Ein nicht nur beinah politischer Film, der sowohl damals bekannte Schock-Bildern aus Guantanamo aufgreift und fast prophetische Dimensionen erreicht in Bezug auf die aktuelle Flüchtlings-„Problematik“. Gute Science-Fiction orientiert sich meistens an entfernten, aber nicht so abwegigen Zukunftsprognosen, die im Idealfall mahnende Wirkung entfalten können und wenn Children of Men jemals wieder- oder generell entdeckt werden sollte, dann ganz bestimmt jetzt. All das findet in einem zwar entrückten Kontext statt, spiegelt dennoch (un)menschliches Gebaren wieder, wenn eine nicht zu leugnende, konkrete Bedrohung auf dem Rücken der Schwachen und Hilfebedürftigen ausgetragen wird, was keinerlei Sinn macht, nur Hass und Furcht schürt. Eine einfache „Lösung“ für ein unlösbares Problem. Neben seinem eigentlichen Mainplot, dem Kampf um eine mögliche Zukunft, zeigt Children of Men noch deutlicher wie repressiv, selbstzerstörerisch und primitiv die Gattung Mensch mit dieser umgeht. Sich lieber die Wiedergeburt der Menschheit als politische Trophäe vor das eigene Tor nageln will, anstatt wenigstens jetzt endlich an einem Strang zu ziehen. Ein Baby – DAS Baby – als Symbol vor den Karren zu spannen, bevor es die Gegenseite tut. Schlimm, dass dies gar nicht mal so abwegig ist, wie eigentlich alles in diesem Film.

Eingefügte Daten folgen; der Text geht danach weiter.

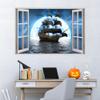 3D Pirate Ship Fake Windows Wall Sticker,Removable Ocean Sea Window View Ship in Moonlight Faux Windows Wall Decals for Kids Bedroom Living Room Decoration,23.6"x17.3" view 4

Unabhängig von der inhaltlichen Tragweite, die untermauert wird von gespenstischen Momentaufnahmen (eine Grundschule wirkt wie ein verwilderter, der einsamste Ort der Welt, ein museumsreifes Relikt), beinhaltet dieses nicht actionorientiertes Werk fantastische, nahezu perfekte Actionsequenzen, die man locker als Referenzmaterial heranziehen kann. Kaum ein reiner Actionfilm kommt da mit. In der ersten Hälfte eine Sequenz, in der die Kamera wie ein blinder Passagier in einem vollbesetzten Kleinwagen ohne sichtbaren Schnitt hantiert, den Impact der Situation ungefiltert wiedergibt. Das ist natürlich eine Illusion, genauso wie die grandiose Steady-Cam-Hetzjagd während des Riot-Chaos gen Ende, dafür die perfekte Illusion. Vergleichbar mit Hitchcock’s Cocktail für eine Leiche, nur noch ausgereifter, nicht mehr mit dem bloßen Auge auch nur zu erahnen. Plansequenz oder Fake, es spielt gar keine Rolle, auch und besonders wegen dem göttlichen Emmanuel Lubezki (The Revenant – Der Rückkehrer), dessen Kameraarbeit mal wieder herausragend ist. Immer, nicht nur während der Peak Time. Über Bilder, deren transportierter Stimmung und die geschmeidigen Bewegungsabläufe, die wirken wie aus einem Guss, entfaltet sich ein unnachahmliches Mitten-drin-Gefühl, nah an der Obergrenze von moderner Cinematographie. Was Cuarón’s Gravity zu einem simpel gestrickten, aber packend vorgetragenen Event machte, ist Children of Men so locker nebenbei, nur als Teilaspekt. Das ist mal richtig beeindruckend!